Atomic-scale modeling of the deformation of nanocrystalline metals
J. Schi{\o}tz, T. Vegge, K. W. Jacobsen

TL;DR
This paper uses atomic-scale simulations to study how nanocrystalline metals deform, revealing dominant mechanisms and the impact of impurities on their mechanical properties.
Contribution
It presents molecular dynamics simulations of nanocrystalline copper, analyzing deformation mechanisms and the effects of impurity atoms in grain boundaries.
Findings
Grain boundary sliding dominates deformation at studied sizes.
An optimal grain size exists for maximum hardness.

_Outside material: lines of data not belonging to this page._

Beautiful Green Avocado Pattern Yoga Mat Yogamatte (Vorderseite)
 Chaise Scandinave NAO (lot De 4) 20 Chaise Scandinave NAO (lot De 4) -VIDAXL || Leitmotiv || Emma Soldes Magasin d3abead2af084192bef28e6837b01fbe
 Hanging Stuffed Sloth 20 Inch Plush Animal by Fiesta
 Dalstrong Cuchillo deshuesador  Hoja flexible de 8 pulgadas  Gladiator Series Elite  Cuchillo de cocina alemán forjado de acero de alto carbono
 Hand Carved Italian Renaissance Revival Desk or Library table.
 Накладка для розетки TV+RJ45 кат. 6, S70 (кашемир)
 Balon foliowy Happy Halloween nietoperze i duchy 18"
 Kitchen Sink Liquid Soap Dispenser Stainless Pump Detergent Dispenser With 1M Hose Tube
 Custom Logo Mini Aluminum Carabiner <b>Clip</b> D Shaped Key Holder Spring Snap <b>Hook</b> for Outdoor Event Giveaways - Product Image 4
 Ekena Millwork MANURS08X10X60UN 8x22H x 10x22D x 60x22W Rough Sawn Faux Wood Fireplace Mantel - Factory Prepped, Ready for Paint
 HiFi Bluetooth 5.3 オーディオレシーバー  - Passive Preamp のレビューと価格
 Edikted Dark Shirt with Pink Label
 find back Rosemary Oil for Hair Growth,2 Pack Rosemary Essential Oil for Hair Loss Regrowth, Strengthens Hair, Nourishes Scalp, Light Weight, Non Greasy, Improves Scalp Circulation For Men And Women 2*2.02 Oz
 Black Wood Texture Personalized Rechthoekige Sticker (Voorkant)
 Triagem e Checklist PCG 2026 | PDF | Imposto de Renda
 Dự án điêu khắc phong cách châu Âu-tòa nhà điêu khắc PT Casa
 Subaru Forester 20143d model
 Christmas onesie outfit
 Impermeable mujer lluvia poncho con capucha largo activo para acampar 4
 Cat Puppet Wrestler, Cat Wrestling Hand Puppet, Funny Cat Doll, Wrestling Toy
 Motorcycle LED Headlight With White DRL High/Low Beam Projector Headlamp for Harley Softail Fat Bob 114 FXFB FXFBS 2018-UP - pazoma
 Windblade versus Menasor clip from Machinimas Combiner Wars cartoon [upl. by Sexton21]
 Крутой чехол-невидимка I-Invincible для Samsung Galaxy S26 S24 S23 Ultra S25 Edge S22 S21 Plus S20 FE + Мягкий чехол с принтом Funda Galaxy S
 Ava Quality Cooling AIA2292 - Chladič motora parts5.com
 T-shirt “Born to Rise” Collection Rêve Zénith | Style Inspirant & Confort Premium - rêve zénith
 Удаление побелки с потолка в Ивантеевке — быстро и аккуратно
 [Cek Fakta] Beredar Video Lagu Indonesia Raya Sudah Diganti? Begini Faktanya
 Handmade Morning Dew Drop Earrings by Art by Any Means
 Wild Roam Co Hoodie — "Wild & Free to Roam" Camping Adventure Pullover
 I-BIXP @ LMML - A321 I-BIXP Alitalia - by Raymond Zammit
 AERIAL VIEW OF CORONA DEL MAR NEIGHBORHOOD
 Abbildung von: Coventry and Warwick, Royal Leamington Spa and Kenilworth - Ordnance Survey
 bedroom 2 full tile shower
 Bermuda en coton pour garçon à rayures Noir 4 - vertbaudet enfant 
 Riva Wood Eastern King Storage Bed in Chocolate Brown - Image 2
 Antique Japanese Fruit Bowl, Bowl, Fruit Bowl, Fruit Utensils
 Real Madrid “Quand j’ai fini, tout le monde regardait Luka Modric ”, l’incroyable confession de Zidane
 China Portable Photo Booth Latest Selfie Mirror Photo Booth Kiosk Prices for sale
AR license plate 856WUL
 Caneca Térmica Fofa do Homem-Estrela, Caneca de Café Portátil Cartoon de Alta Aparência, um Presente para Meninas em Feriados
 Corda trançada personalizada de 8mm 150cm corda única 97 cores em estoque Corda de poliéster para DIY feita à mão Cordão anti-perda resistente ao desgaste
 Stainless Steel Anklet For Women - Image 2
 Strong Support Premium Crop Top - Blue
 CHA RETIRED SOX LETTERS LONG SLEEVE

Impurity atoms in grain boundaries influence mechanical properties.
Abstract
Nanocrystalline metals, i.e. metals with grain sizes from 5 to 50 nm, display technologically interesting properties, such as dramatically increased hardness, increasing with decreasing grain size. Due to the small grain size, direct atomic-scale simulations of plastic deformation of these materials are possible, as such a polycrystalline system can be modeled with the computational resources available today. We present molecular dynamics simulations of nanocrystalline copper with grain sizes up to 13 nm. Two different deformation mechanisms are active, one is deformation through the motion of dislocations, the other is sliding in the grain boundaries. At the grain sizes studied here the latter dominates, leading to a softening as the grain size is reduced. This implies that there is an ``optimal'' grain size, where the hardness is maximal. Since the grain boundaries participate…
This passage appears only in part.